You’ve bought into the idea that a public presence is important, and you can see that there are different ways you can be present, but now you must decide where you will live. You will need a static, virtual presence to which you can point others. You need a place that represents you. You need a digital map.
Specifically, ask yourself:
- where will I keep my ideas and the things I make?
- where will I have my conversations?
- where will people find basic information about me?
How you answer these questions is to define your digital map.
A digital map is different from a digital footprint
Your digital map is where you live and create online. It is created and controlled by you. This is different from your digital footprint. Your digital footprint is what people find and understand about you when they search for you. The two are very different.
If you do a vanity search (which you should do regularly) you’ll find that your footprint is made up of stuff other people have captured or written about you. Your digital map is important because it’s where you will lay down the stuff that people will find. If you want to dig into digital footprint a little more, read Digital Footprint – How the World Understands You.
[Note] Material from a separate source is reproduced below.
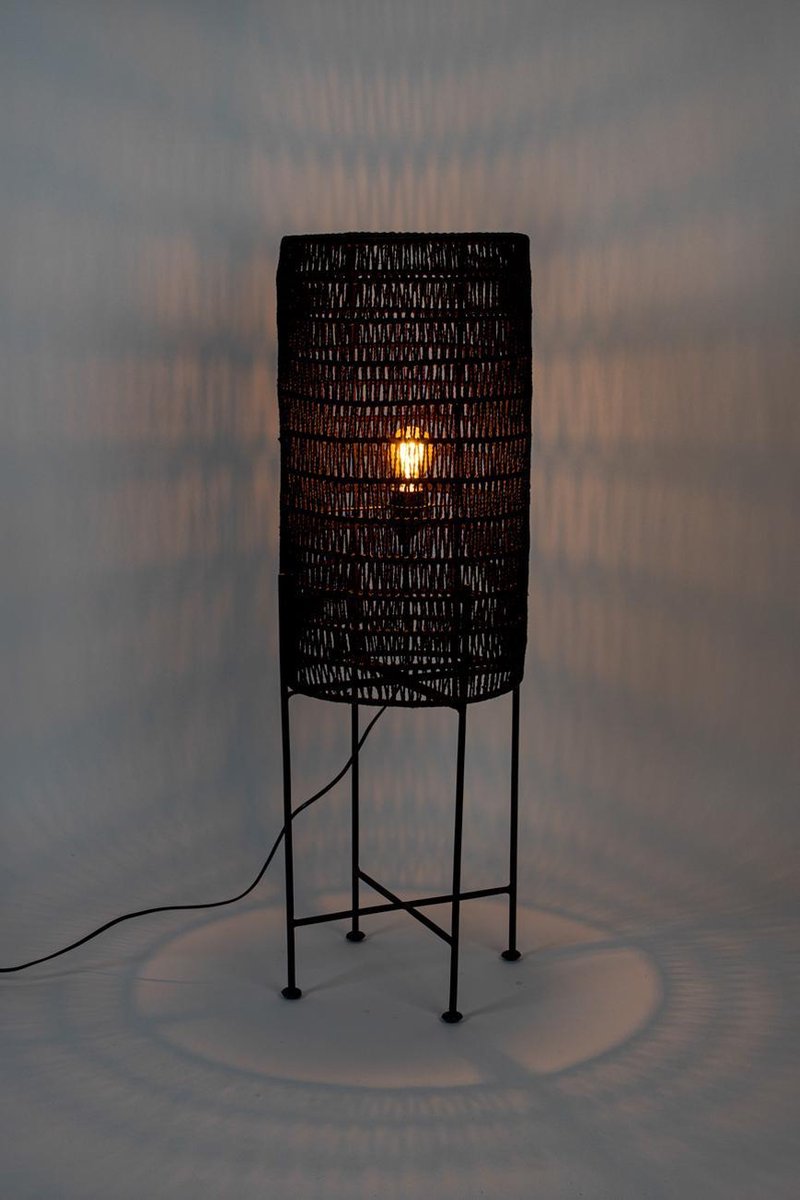 Dutchbone Kari Vloerlamp - Zwart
The basic foundation of a digital map
Marketing expert Chris Brogan suggested that you think of your digital map from a couple of basic categories:
- Home base. Your home base is a property that you control and own. It’s where you do your heavy thinking and create value that people associate with you. Simply put, it’s where your content lives. Usually it’s a blog or website that reflects you and your focus.
- Outposts. These are the places where you have conversations — typically, social applications that allow you to comment and share. Good examples are Twitter, Facebook, and Google+. Through your outposts, you not only connect with people, but you also build your audience. Ideally, you hang at your outposts and occasionally bring people back to your home base when you’ve got something to communicate.
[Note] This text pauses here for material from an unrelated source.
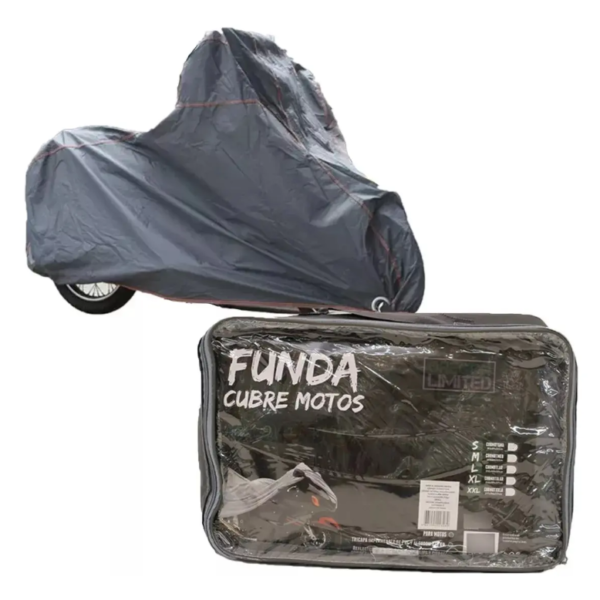 FUNDA CUBRE MOTO TRICAPA OREGON TALLE L 232x100x125cm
The concept of base with outposts relates to the basic idea that there are only two things on the internet: content and conversation. So you’ll build your best stuff on your home base and then talk it up on your outpost channels.
There are lots of places to lay down roots. You have to pick your properties and decide where you will spend your time.
What my map looks like
This is what my map looks like. As you can see, my home base is my blog, 33 charts. It’s where I I keep my most current bio and where I think and write. It’s my area for weighing in on issues of the day. While most of my writing centers on technology and physicians, I take the liberty of going wide and occasionally taking on broader health subjects. This is a site where I can effectively do my own thing. It’s like my house or my yard—I can dress it up and do what I want when I’m there.
Most of my outpost time is spent on Twitter. This is where I listen to conversations, take the pulse of public perceptions, and get most of my best information. (I recruit amazing people to bring it to me.) It’s where I share the most interesting things that I find.
LinkedIn is where I have contact with other professionals and maintain a public-facing bio. It has evolved recently from being just a place for your online curriculum vitae (CV) to a full-blown social network. More on this later.
You can see that I keep a presence on Doximity and Facebook as well. While I may not spend as much time on these sites, they’re important outposts for connecting since you’ll find that there are people who spend their time on Facebook and those who prefer Twitter or Instagram. Having connections in multiple places will help you reach slightly different populations when building your audience.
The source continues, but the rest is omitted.